In principle, a single photodetector is sufficient and a balanced detector as shown in Fig. 1, subtracting the signals from two photodiodes, is not strictly required – the modulation term is contained in the output of each of the two detectors. However, the well-balanced detector automatically eliminates the constant term as well as the $r^2(t)$ terms in the detector output and also has a better signal-to-noise ratio.

#### Doppler

From all of the above it might not be immediately clear why we call it *Doppler* vibrometry. The Doppler effect was originally discovered as sounds changing their pitch, or frequency, when their source was moving towards or away from the observer. The same happens for light, and the effect is indeed contained in (2). If we have an out-of-plane DUT motion with constant velocity,

$$\Delta z(t) = z_0 + v \cdot t$$

where we arbitrarily set the initial distance $z_0 = 0$ for convenience, (2b) becomes

$$A_\mathrm{meas}(t) = A_0 r(t) \exp \Bigl[- i \Delta \omega t \Bigr] \tag{7a}$$

with

$$\Delta \omega = - 2 k_0 v \tag{7b}$$

and we can see that this is indeed corresponding to a frequency shift which is proportional to the velocity of the DUT, just as in acoustics.

#### Polarization

When the reference and measurement beams are not in the same state of polarization, the coherent mixing term which is extracted by means of subtraction in (3) becomes smaller. To be exact, it scales with the dot product of the Jones vectors describing the state of polarization. In the extreme that both are orthogonal, the current (3) will be zero. We have assumed that both beams have the same state of polarization and thus neglected polarization effects in the analysis above. However, we must make sure that this is really the case.

The setup in Fig. 1 assumes that the frequency shifter changes an input with p-polarization to an output with s-polarization and vice versa. If a frequency shifter is used that does not affect the state of polarization or in a homodyne system, we could e.g. use a polarizing beam splitter instead of the optical hybrid immediately following the laser source.

#### Homodyning

The homodyne version of an interferometer foregoes the frequency shifter and may thus seem to be significantly simpler to implement. However, as outlined in the homodyne versus heterodyne post, a 90-degree optical hybrid is required for unambiguous detection of the measurement signal phase (which contains the DUT motion term). Such a hybrid, in free-space optics, consists of various beam splitters and a phase shifter, which all have to be very well aligned in order to obtain reasonable values for the overlap efficiency $\rho$. Also, four photodetectors must now be implemented and well balanced. Hence, the initially apparent simpler hardware is actually quite complicated.
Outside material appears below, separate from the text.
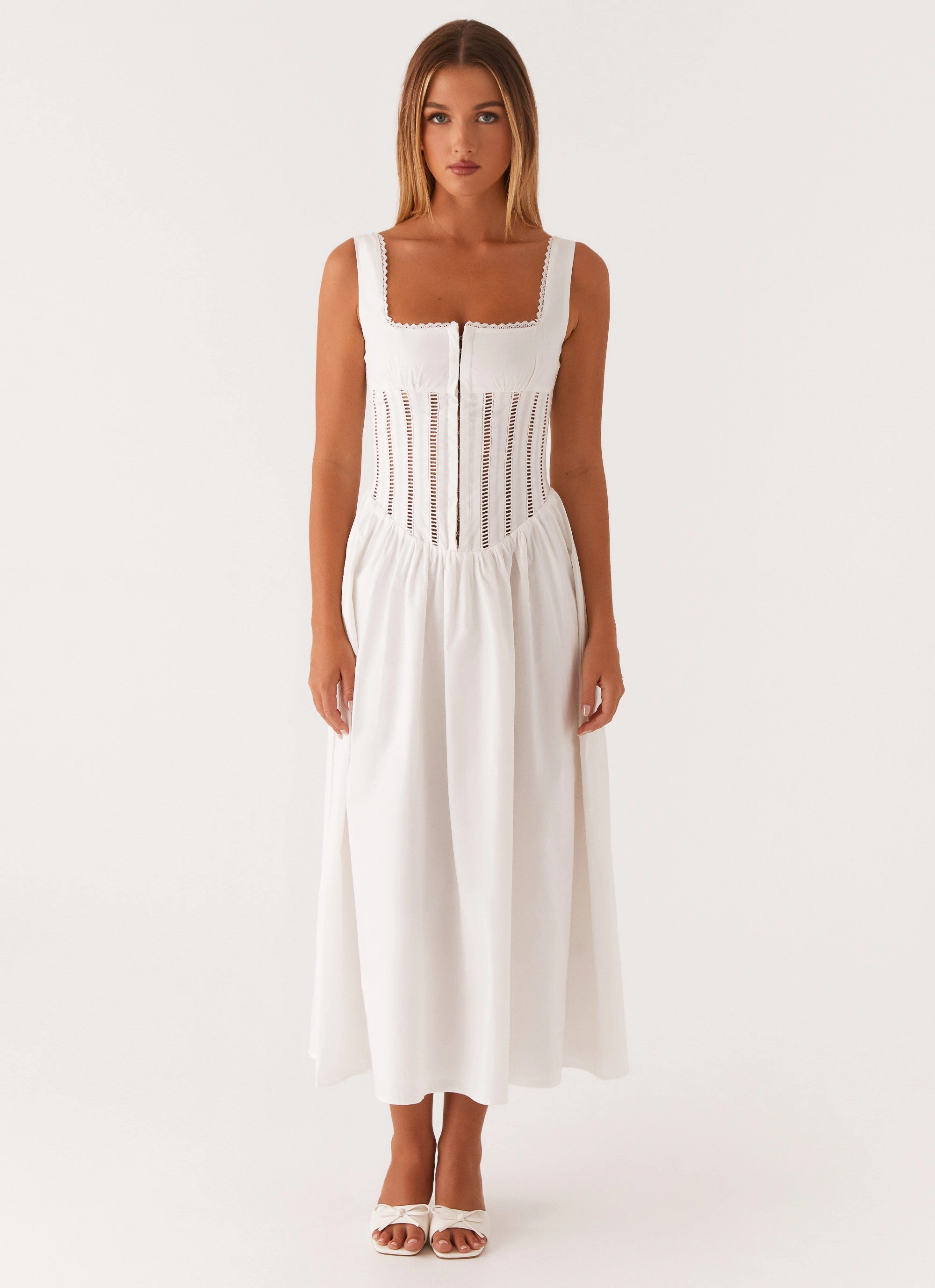 Fashionable Layer Calm Grace Waiting On You Midi Dress - White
Apart from the implementation overhead, homodyne versus heterodyne explains in detail how to extract the baseband signal $B(t)$ from the differential photocurrents (see (12) in that post), which is again much simpler since there is no downmixing required. The so-obtained signal is then basically identical to (4) above.
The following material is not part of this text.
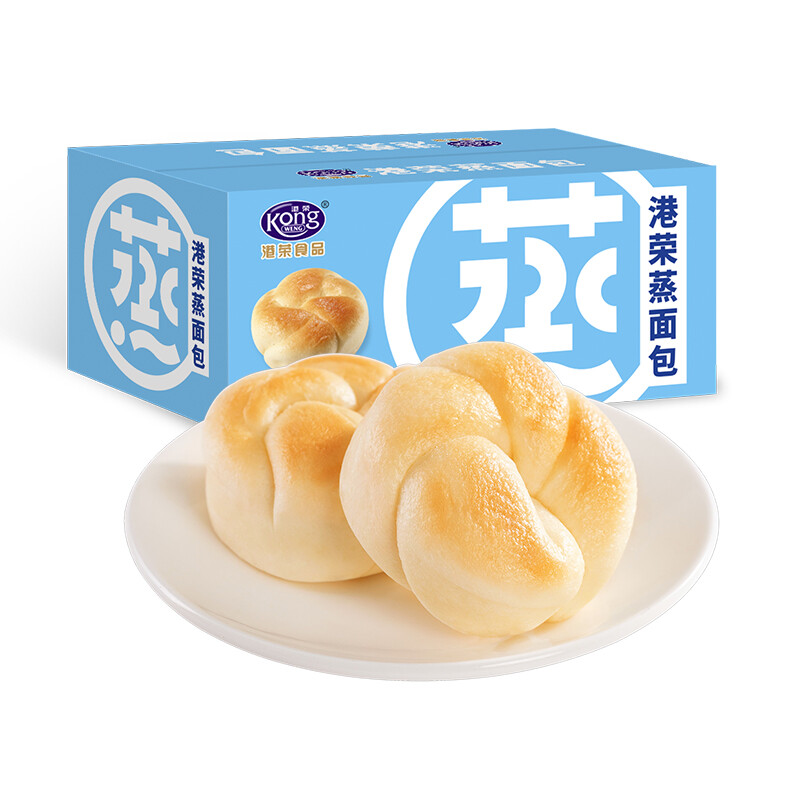 港荣 蒸面包 淡奶味 460g 18.9元（需用券）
#### Interferometry cont’d

The principles explained above used a Mach-Zehnder-type interferometer for vibration measurement. However, there are other interferometer types which are more or less suited for LDV. Figure 2 shows a Michelson interferometer-based LDV device.

The Michelson interferometer is quite similar to the Mach-Zehnder setup. The DUT is especially easy to integrate into the setup as this kind of interferometer is based on reflection in both paths. Since that also holds for the reference path, the frequency shifter is traversed twice (unless some sort of ring configuration is used) and thus needs to shift the signal only by $\Delta\omega / 2$ each time. Again, λ plates are used to ensure that the states of polarization are matched on the photodetectors. A homodyne setup with a 90-degree hybrid instead of the frequency shifter is also possible.
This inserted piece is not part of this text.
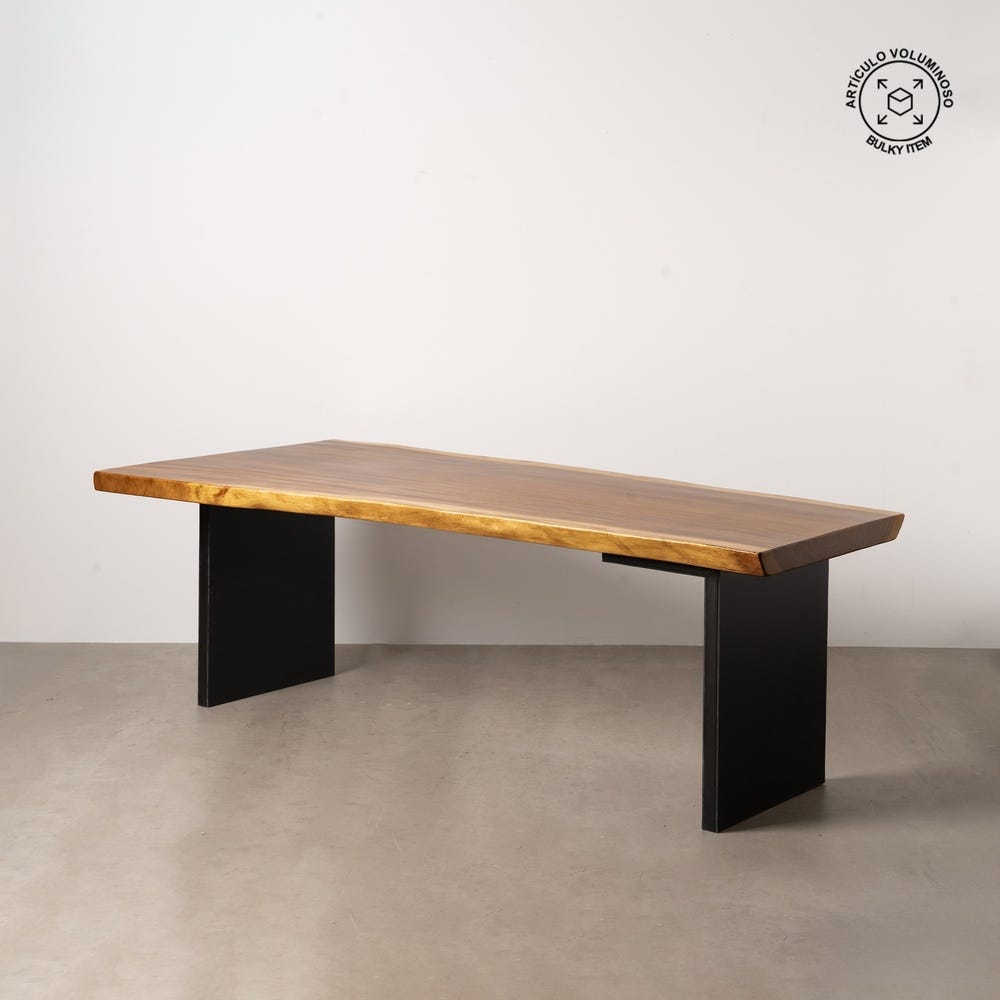 Table à Manger Marron Bois Métal Ixia 200cm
Other interferometric setups like Mirau are generally also possible, but may be even more difficult to implement, especially in a heterodyne configuration.

**1** Optical path length

last posts in vibrometry:

What about self mixing interferometry ?

I was trying to limit this post to the basics. To understand self-mixing requires detailed knowledge of the processes within a laser diode, which would have exceeded this premise.